Field of the Invention
This invention relates to color cathode ray picture tubes, and is addressed specifically to an improved front assembly for color tubes having shadow masks of the tension foil type in association with a substantially flat faceplate. The invention is useful in color tubes of various types, including those used in home entertainment television receivers, and in medium-resolution and high-resolution tubes intended for color monitors.
The use of the foil-type flat tension mask and flat faceplate provides many benefits in comparison to the conventional domed shadow mask and correlatively curved faceplate. Chief among these is a greater power-handling capability which makes possible as much as a three-fold increase in brightness. The conventional curved shadow mask, which is not under tension, tends to "dome" in picture areas of high brightness where the intensity of the electron beam bombardment is greatest.
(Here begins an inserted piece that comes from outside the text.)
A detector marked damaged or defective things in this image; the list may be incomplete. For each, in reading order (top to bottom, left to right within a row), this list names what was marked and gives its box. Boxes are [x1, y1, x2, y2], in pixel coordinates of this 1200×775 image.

Color impurities result as the mask moves closer to the faceplate, and as the beam-passing apertures move out of registration with their associated phosphor elements on the faceplate.
The tension mask, when heated, distorts in a manner quite different from that of the conventional mask. If the entire mask is heated uniformly, there is no doming and no distortion until tension is completely lost; just before that point, wrinkling may occur in the corners. If only portions of the mask are heated, those portions expand and the unheated portions contract, resulting in displacements within the plane of the mask; i.e., the mask remains flat.
The tension foil shadow mask is a part of the cathode ray tube front assembly, and is located in close adjacency to the faceplate. The front assembly comprises the faceplate with its screen consisting of deposits of light-emitting phosphors, a shadow mask, and support means for the mask. As used herein, the term "shadow mask" means an apertured metallic foil which may, by way of example, be about 0.001 inch thick, or less. The mask must be supported in high tension a predetermined distance from the inner surface of the cathode ray tube faceplate; this distance is known as the "Q-distance." As is well known in the art, the shadow mask acts as a color-selection electrode, or parallax barrier, which ensures that each of the three beams generated by the electron gun located in the neck of the tube lands only on its assigned phosphor deposits.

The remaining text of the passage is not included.